··· Records for the exercise

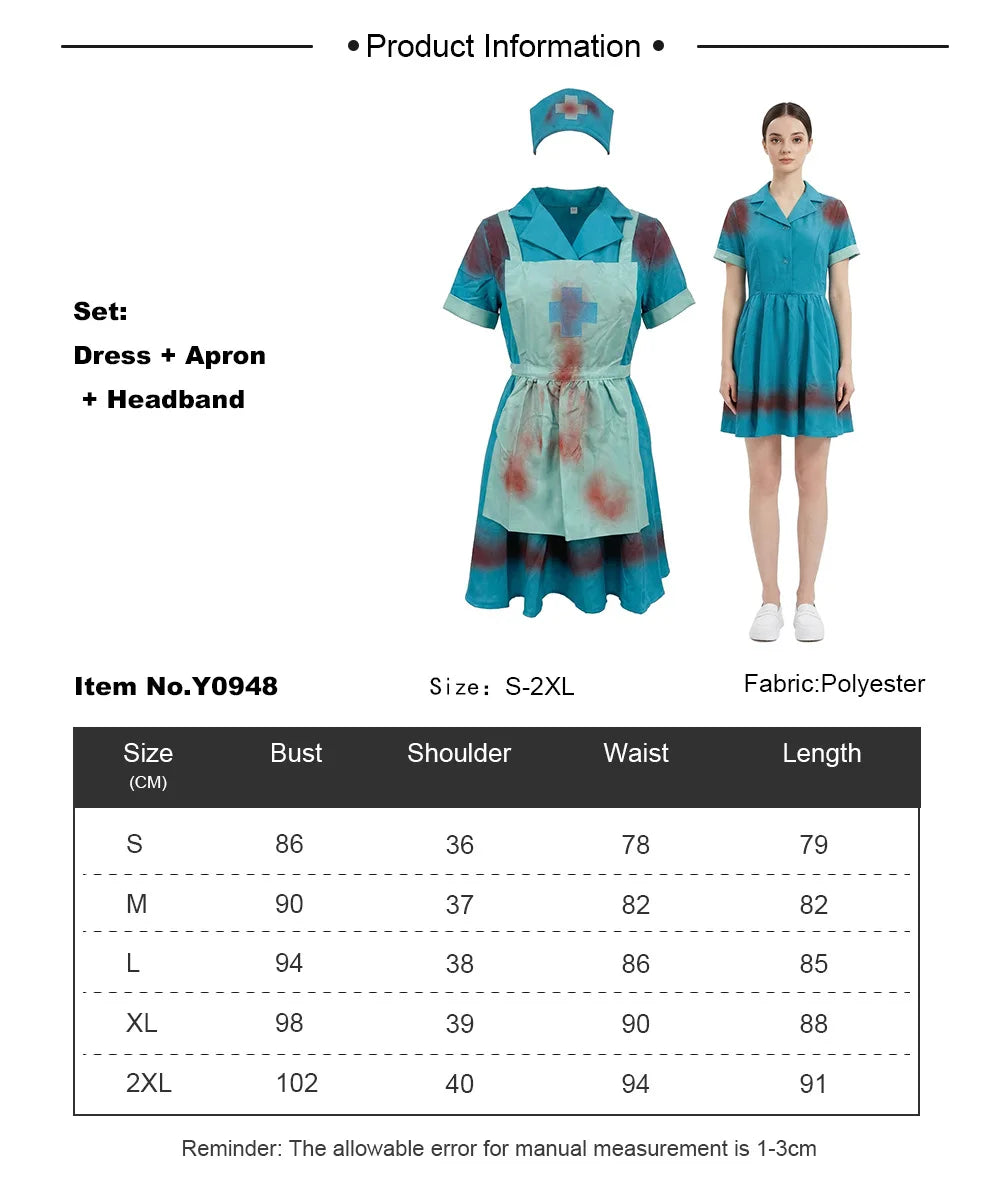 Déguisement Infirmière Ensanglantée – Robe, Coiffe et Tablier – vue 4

······
··· Records for the exercise

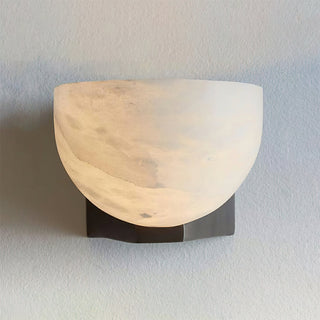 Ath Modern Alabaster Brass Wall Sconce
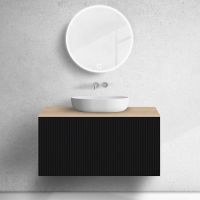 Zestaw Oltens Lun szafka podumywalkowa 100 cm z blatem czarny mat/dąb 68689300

······

Copy back exactly the lines above from the one containing "Ath Modern Alabaster Brass Wall Sconce" through the one containing "Zestaw Oltens Lun", and leave every picture behind.

## Exercise result
 Ath Modern Alabaster Brass Wall Sconce
 Zestaw Oltens Lun szafka podumywalkowa 100 cm z blatem czarny mat/dąb 68689300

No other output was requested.